Direct Democracy: the Right of the People to Make Fools of Themselves; the Use and Abuse of Initiative and Referendum, a Local Government Perspective

Publication year1995
CitationVol. 19 No. 01

UNIVERSITY OF PUGET SOUND LAW REVIEWVolume 19, No. 1FALL 1995

Direct Democracy: The Right of the People to Make Fools of Themselves; The Use and Abuse of Initiative and Referendum, A Local Government Perspective(fn**)

Daniel M. Warner(fn*)

I. Introduction

The Framers of the United States Constitution did not embrace direct, populist democracy. They rejected the Swiss model of direct legislation(fn1) and chose a system of representative-republican, not democratic-government that would, as James Madison wrote, "enlarge the public views by passing them through the medium of a chosen body of citizens, whose wisdom may best discern the true interest of their country and whose patriotism and love of justice will be least likely to sacrifice it to temporary or partial [partisan] considerations."(fn2)

Representative democracy presumes that an informed electorate will choose wise legislators. Direct democracy, by extension, demands that citizens themselves demonstrate wisdom enough to "discern the true interest of their country"(fn3) as opposed to their self-interest, and that they love justice enough to eschew mere partisanism. One form of direct democracy is direct legislation-legislation by initiative and referendum. Today, direct legislation is increasingly popular-and increasingly destructive,(fn4) as serious proposals have been made to adopt and implement it at the federal level.(fn5)

This Article addresses the problems of direct legislation, focusing on two general themes. First, it briefly traces the history of the initiative and referendum in the United States, addressing problems with the process, particularly with the local-government exercise of the process, and proposing reforms that might improve the quality of citizen-made legislation. Second, the Article examines some fundamental causes for and difficulties with the use of direct legislation. The experience of Whatcom County, Washington, is considered throughout as an illustrative case study of the enthusiasm for and the failure of direct democracy.
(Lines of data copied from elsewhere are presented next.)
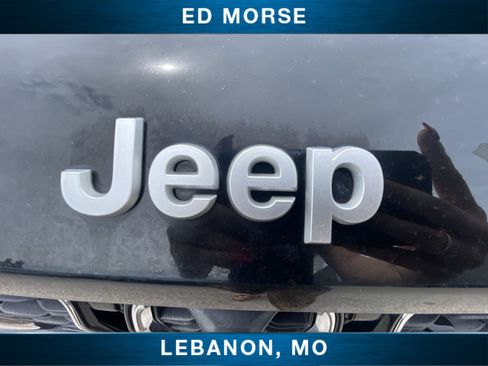 Used 2024 Jeep Grand Cherokee L Limited w/ Luxury Tech Group II AWD/4WD image 29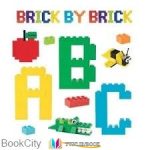 pdf+ دانلود رایگان کتاب Brick by Brick ABC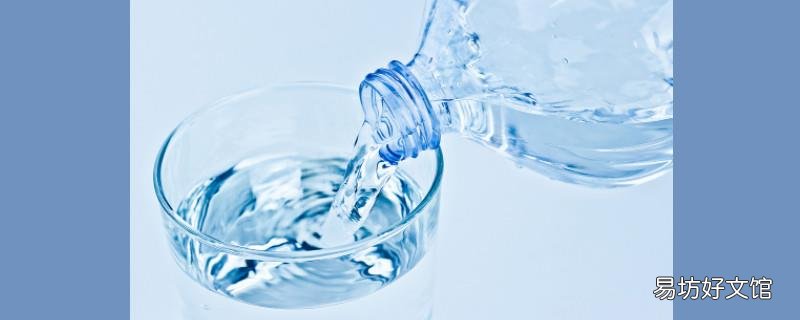 纯净水能代替蒸馏水吗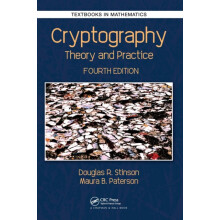 Cryptography Theory and Practice by Douglas Robert Stinson Hardcover B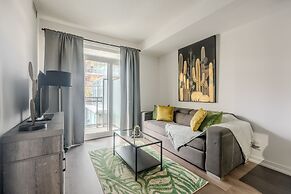 GLOBALSTAY Modern Lillian St Apartments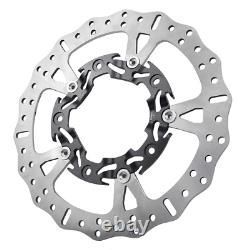 14 Front Brake Rotor Disc for Harley Road King Street Glide Road Glide 2015-22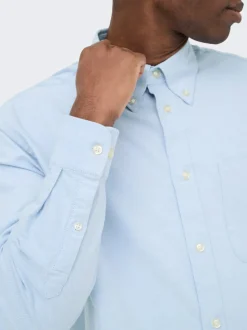 ONSOXFORD Camicia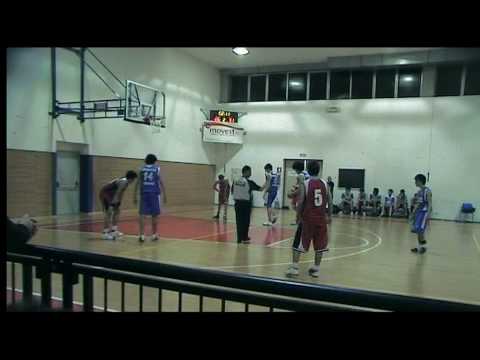 Perteole 73-68 Sbrindella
The experience of other jurisdictions is also considered and compared to this local experience.

II. A Brief Review of the Direct Legislation Movement

A. Revolutionary-Era Background

In the United States, the push to adopt the initiative and referendum was part of the Progressive Movement of the late nineteenth century. The philosophical underpinnings, however, came from the French Enlightenment.(fn6) Jean J. Rousseau's Social Contract was based on the concept that government existed to serve its people.(fn7) Taking the concept to its logical conclusion, the people would be the government:The sovereign having no other force but the legislative power, acts only by the laws; and the laws being only the authentic act of the general will. . . the sovereign can never act but when the people are assembled. Some will perhaps think that the idea of the people assembling is a mere chimera, but if it is so now it was not so two thousand years ago; and I should be glad to know whether men have changed in their nature.(fn8)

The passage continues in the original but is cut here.